(WORK ITEM) Without including any images, please transcribe all the lines below exactly.

(DATASET EXCERPT)
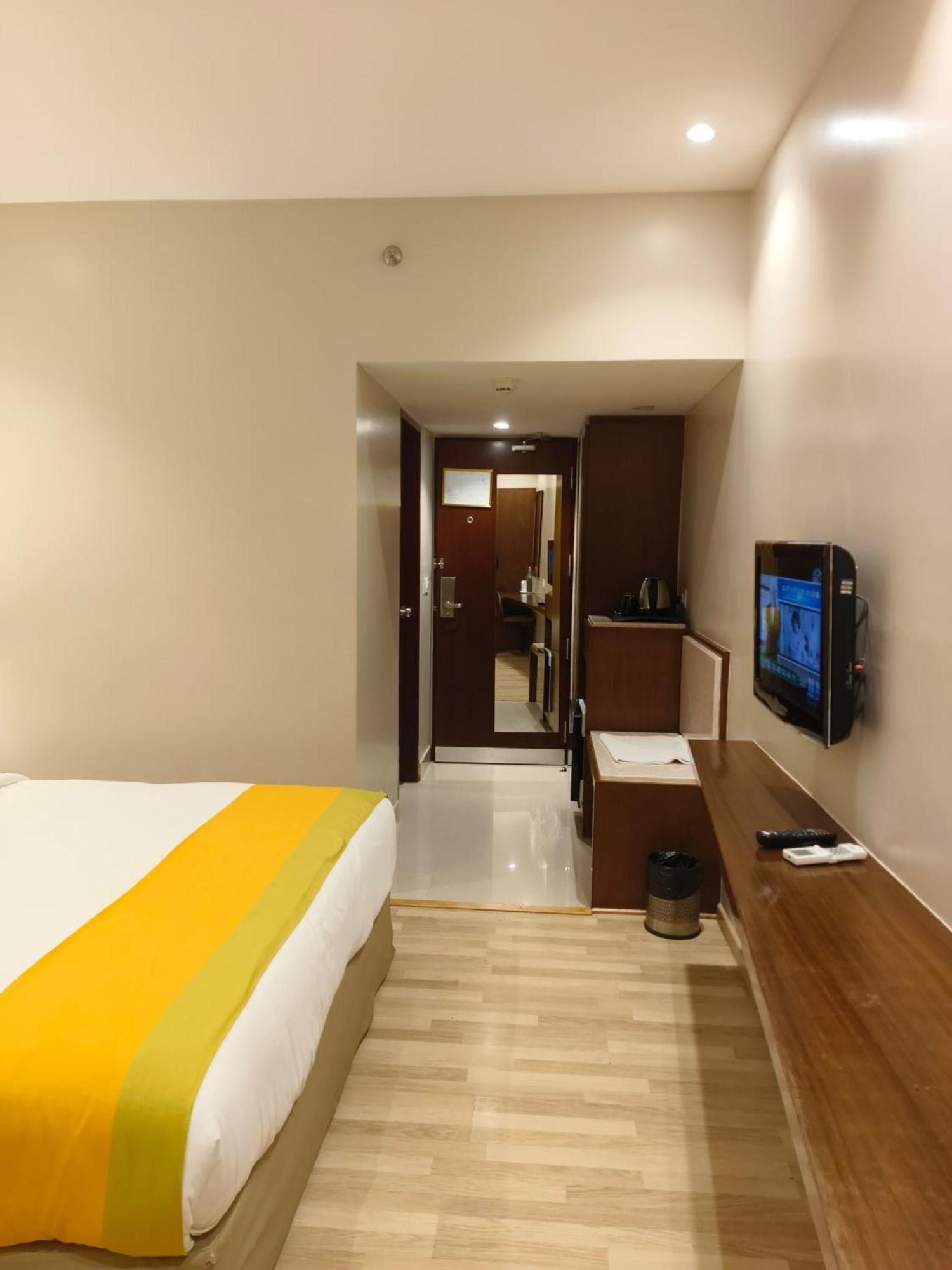 Отель Park Residency Adoor Adur Экстерьер фото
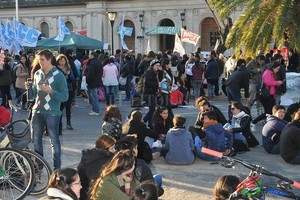 ELLITORAL_220590 |  Luis Cetraro En defensa de la universidad pública. Una masiva manifestación se realizó esta semana frente a la UNL.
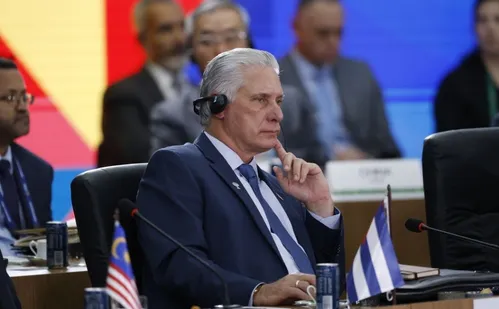 
          Imagem ilustrativa da imagem Presidente de Cuba reage a fala de Trump e diz que país não vai se render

(SOLUTION TO THIS TASK)
 Отель Park Residency Adoor Adur Экстерьер фото
 ELLITORAL_220590 |  Luis Cetraro En defensa de la universidad pública. Una masiva manifestación se realizó esta semana frente a la UNL.
          Imagem ilustrativa da imagem Presidente de Cuba reage a fala de Trump e diz que país não vai se render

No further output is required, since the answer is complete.